Hello,
In my code, I was surprised to find that the theoretical number of FLOPs of my algorithm did not coincide with that given by nvvp. After a long time sleuthing through the code, I pinpointed one of the lines that is being miscounted by nvvp (flops_dp).
I am curious to know what is going on behind the scenes for this to happen…

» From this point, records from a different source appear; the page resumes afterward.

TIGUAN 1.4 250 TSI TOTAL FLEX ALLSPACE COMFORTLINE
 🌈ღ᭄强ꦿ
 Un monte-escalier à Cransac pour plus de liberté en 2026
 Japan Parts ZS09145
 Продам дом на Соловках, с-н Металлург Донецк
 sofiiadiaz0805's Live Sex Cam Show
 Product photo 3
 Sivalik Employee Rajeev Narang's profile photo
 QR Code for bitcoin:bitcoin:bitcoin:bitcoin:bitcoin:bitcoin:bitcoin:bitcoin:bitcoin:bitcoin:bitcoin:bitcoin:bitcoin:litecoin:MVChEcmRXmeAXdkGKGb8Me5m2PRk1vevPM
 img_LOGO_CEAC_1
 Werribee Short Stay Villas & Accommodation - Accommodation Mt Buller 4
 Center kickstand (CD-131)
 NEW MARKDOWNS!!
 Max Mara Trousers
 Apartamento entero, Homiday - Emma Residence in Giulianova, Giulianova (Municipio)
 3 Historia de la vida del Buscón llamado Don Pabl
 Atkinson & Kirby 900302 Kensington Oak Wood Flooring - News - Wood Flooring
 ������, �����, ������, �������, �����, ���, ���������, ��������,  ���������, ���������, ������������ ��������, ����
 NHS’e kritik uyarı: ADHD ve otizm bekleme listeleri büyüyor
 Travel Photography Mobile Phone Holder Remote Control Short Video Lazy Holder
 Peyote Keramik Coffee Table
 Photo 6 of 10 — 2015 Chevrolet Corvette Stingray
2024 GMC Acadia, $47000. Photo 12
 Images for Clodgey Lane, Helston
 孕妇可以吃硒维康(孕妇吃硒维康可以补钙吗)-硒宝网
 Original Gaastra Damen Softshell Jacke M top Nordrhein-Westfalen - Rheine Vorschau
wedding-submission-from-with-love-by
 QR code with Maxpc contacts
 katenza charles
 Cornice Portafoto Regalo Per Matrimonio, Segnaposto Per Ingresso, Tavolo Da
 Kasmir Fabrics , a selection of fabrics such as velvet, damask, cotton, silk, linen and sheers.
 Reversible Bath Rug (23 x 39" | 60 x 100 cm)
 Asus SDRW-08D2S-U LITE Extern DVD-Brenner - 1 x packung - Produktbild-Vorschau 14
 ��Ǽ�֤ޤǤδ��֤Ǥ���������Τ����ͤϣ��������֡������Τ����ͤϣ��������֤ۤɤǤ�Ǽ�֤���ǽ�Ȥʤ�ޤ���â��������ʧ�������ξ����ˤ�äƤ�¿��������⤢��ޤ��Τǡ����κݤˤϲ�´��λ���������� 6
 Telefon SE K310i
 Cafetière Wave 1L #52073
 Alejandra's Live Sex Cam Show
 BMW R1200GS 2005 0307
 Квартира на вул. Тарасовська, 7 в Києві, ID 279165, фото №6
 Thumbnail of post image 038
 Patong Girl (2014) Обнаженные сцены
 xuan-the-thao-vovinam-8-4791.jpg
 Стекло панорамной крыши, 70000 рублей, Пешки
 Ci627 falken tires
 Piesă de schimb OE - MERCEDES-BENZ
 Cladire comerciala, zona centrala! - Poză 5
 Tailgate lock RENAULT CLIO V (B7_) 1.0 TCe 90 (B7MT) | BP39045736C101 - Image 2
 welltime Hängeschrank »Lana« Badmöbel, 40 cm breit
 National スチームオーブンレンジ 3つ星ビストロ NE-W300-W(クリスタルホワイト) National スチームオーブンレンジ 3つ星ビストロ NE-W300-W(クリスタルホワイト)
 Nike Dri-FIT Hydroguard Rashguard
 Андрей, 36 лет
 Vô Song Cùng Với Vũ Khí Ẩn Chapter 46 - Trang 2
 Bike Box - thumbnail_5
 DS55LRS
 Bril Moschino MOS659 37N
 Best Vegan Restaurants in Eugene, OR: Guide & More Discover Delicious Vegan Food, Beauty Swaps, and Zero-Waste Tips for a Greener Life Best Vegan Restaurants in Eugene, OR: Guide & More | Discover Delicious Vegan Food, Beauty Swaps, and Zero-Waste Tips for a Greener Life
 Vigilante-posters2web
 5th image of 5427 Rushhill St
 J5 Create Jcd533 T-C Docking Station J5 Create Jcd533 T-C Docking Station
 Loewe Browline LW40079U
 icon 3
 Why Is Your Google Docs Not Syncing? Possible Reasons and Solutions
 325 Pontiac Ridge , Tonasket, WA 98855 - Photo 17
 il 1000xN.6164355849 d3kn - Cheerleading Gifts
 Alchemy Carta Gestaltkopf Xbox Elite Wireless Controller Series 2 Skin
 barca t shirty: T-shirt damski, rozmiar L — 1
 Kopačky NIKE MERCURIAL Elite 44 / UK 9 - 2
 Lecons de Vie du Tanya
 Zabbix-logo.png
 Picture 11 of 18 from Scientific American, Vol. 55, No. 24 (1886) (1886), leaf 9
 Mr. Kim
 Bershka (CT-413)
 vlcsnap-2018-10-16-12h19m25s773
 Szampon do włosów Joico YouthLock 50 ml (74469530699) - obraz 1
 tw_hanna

These are the relevant lines of code:
#define CON 3.1415967
__device__ double get_const() {
return CON;
}
__device__ double func(double *Z) {
double r1, r2, r3, r4;
r1 = Z[0];
r2 = Z[1];
r3 = Z[2];
r4 = Z[3];
return (get_const() - 1.) * (r4 - (r2*r2 + r3*r3) / 2. / r1);
}
The return statement counts for flops_dp = 21 double precision floating point operations! :-O
I would only expect either 8 or 7 operations. The former if we count (-, *, -, *, +, *, /, /) = 8 operations. The latter if the first subtraction (get_const() - 1.) is being optimized out by the compiler.
If I remove the final division, making the return statement
return (get_const() - 1.) * (r4 - (r2*r2 + r3*r3) / 2.)
I only get 6 operations which is reasonable, and what I’d expect if the first subtraction is optimized out! Does anyone have an idea what is going on?